New Delhi: Income inequality in India has worsened over the past three-and-a-half decades and the top 10% of earners now corner more than half of the country’s national income in 2016.
Their share was 30% of the national income in 1980, according to The World Inequality Report 2018 published on Thursday by World Wealth & Income Database, which tracks information on income distribution.
Among major economic blocks, with the exception of West Asia, India’s record on inequality is the worst. Not only does this pose a challenge to public policy—particularly in figuring out a redistribution of wealth—but it could potentially trigger social unrest.
The level of income inequality in India in 2016 matched that in sub-Saharan Africa and Brazil, where top earners accounted for a very high share of income.

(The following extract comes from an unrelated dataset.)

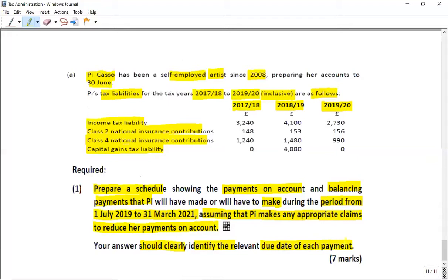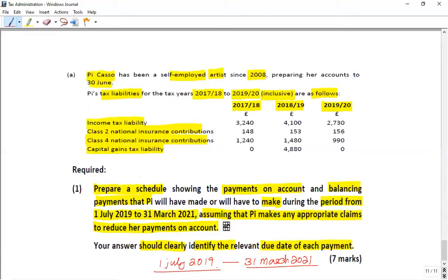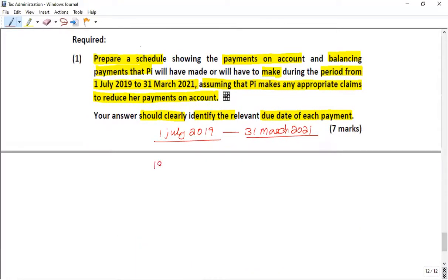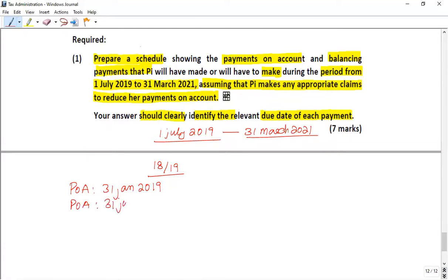First, let's identify the period required by the question: from 1st July 2019 to 31st March 2021. On that basis, for tax year 18/19, the first POA date is 31st January 2019, the second POA is 31st July 2019, and the balancing payment is 31st January 2020.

However, rise in income inequality has been more gradual in India since 1980 compared to Russia, where it has been abrupt and compared to China, where it was moderate, said the report. That indicates the role played by policies and institutions in evening out inequality, said the report, which advocated “tax progressivity”—higher taxes on the rich—as an effective tool to address inequality. Income taxes are levied based on a person’s ability to pay and the rate increases as income level progresses.

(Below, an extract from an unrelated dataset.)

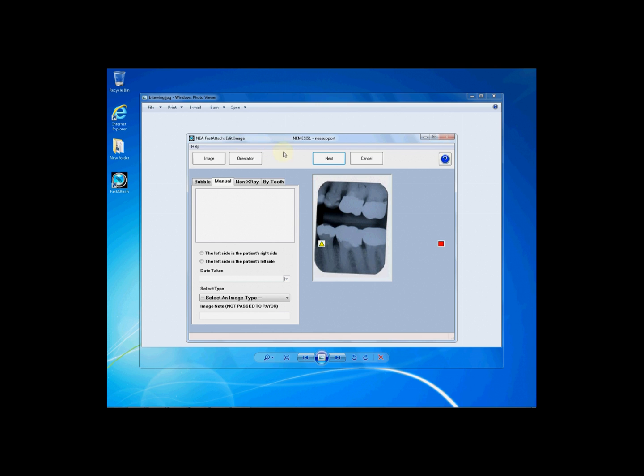Once on the Edit Image screen, you have a small preview on the right-hand side of your image, and you can label your image as necessary. If this is an x-ray, you will need to label whether the left side is the patient's right side or the left side is the patient's left side.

India has been trying to tackle income inequality with a combination of direct transfer of entitlements to the intended beneficiaries, drive against tax evasion and schemes meant to improve access to energy and finance by the poor.
The findings of the report come at a time when the central government has started working on drafting a new direct tax code which is likely to rejig the tax structure, while the state of Jammu and Kashmir is set to make a bold experiment with a universal basic income scheme from the next financial year.

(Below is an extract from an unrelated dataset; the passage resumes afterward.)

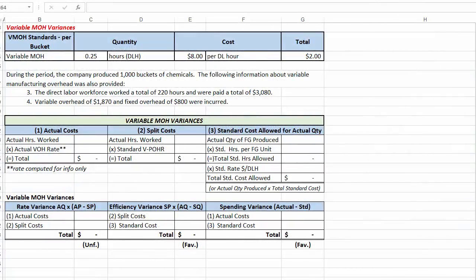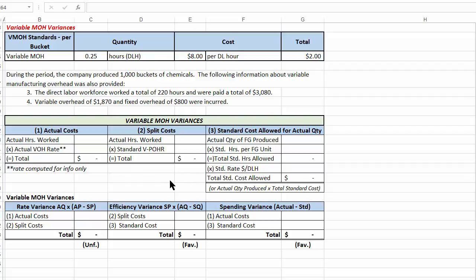As we move into the variance analysis, I wanted to point out a couple things. First of all, I've prepared an analysis Excel worksheet, and I use this frequently to analyze data. On the left-hand side of the Excel spreadsheet, you'll see that I have computations for actual costs. On the right-hand side, you'll see that I have computations for the standard cost allowed for the actual quantity produced. And in the middle, there's a column called Split Cost. This is really nothing more than a way for us to split our overall spending variance into the rate and the efficiency — or the price and the quantity — variances.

The report authored by researchers Facundo Alvaredo, Lucas Chancel, Thomas Piketty, Emmanuel Saez and Gabriel Zucman pointed out that rising income inequality can lead to political, social and economic consequences.
The report also advocated higher public spending in education to reduce income inequality and setting up an international registry of financial asset ownership for curbing tax evasion.
The report found Europe as the best performing region, where the top earners’ group accounted for 37% of national income in 2016, followed by 41% in China, 46% in Russia and 47% in US-Canada. The report called West Asia the frontier of income inequality as this group accounted for 61% of national income.
One of the reasons for national governments’ diminished ability to effectively tackle income inequality is the transfer of public wealth into private hands, says the report. Also, net public wealth (that is, public assets minus public debts) has declined in nearly all countries since the 1980s.
“This arguably limits government ability to regulate the economy, redistribute income, and mitigate rising inequality. The only exceptions to the general decline in public property are oil-rich countries with large sovereign wealth funds, such as Norway,” the report said.
Experts said robust public policy intervention was required to address income inequality. “While these numbers may be debatable, policies for broadening the tax base and increasing public spending on health and education are very much needed for a country like ours where there is a social infrastructure deficit,” said N.R. Bhanumurthy, professor at the National Institute of Public Finance and Policy, a New Delhi-based think tank.